Today, while on my usual bike ride out to the bay, an owl
cruised with me for about two minutes. Those two minutes felt like a good
fifteen. A wild animal chose to spend a brief moment with a complete stranger –
an alien, really. Less than ten yards away, we flew side-by-side along the
path. Then she crossed in front of me and dove down into the long grass. She
popped up with empty claws and continued the flight. I realized she was using
me to spot any critters or mice scattering because of the human passing by. I
didn’t mind though. It still felt like magic because I got to watch her search
for something with mine own eyes instead of on the Discovery Channel. Then
after another minute, she swooped in front of me and turned around back to her
hunting ground as graceful as well, a bird in the sky. And I continued on my
journey.
She made me remember something I wanted to write about a
while ago, The Search. A few months ago, I was complaining about globalization,
the ease of travel, and of course, the goddamn interweb. When I was still
young, my parents would drag me with them to foreign lands – the summer
vacation. I’d run into other kids in different parts of the world. I recall all
the cultural differences from the way we dressed, to my inability to speak
their language and their inability to speak English. And I remember showing
them music from the US and how astonished they were with it. Then I listened to
their music and I was blown away as well. But the immediate connection over
something different, yet universal, always made me smile. Now, everywhere I go,
people look the same and listen to the same stuff with the same equipment, even.
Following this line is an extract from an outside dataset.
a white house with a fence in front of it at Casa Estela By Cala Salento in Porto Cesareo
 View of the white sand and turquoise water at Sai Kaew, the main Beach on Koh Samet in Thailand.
There are slight variations here and there but mostly, the same. It’s harder to
tell where people are from and I’ve noticed that even accents, especially in
the US, tend to blend a bit more together. Chalk that up to broadcast
journalists, although, they all sound Californian to me.
I was and am often fond of The Search. I’m not really
interested in discovering what it is I’m searching for. I’m just interested in
it actually “missing” or being elusive like the abominable snowman or Sasquatch.
It’s intriguing because you can’t see, smell, touch or taste it. So many things
were like that for me… Before the interwebs.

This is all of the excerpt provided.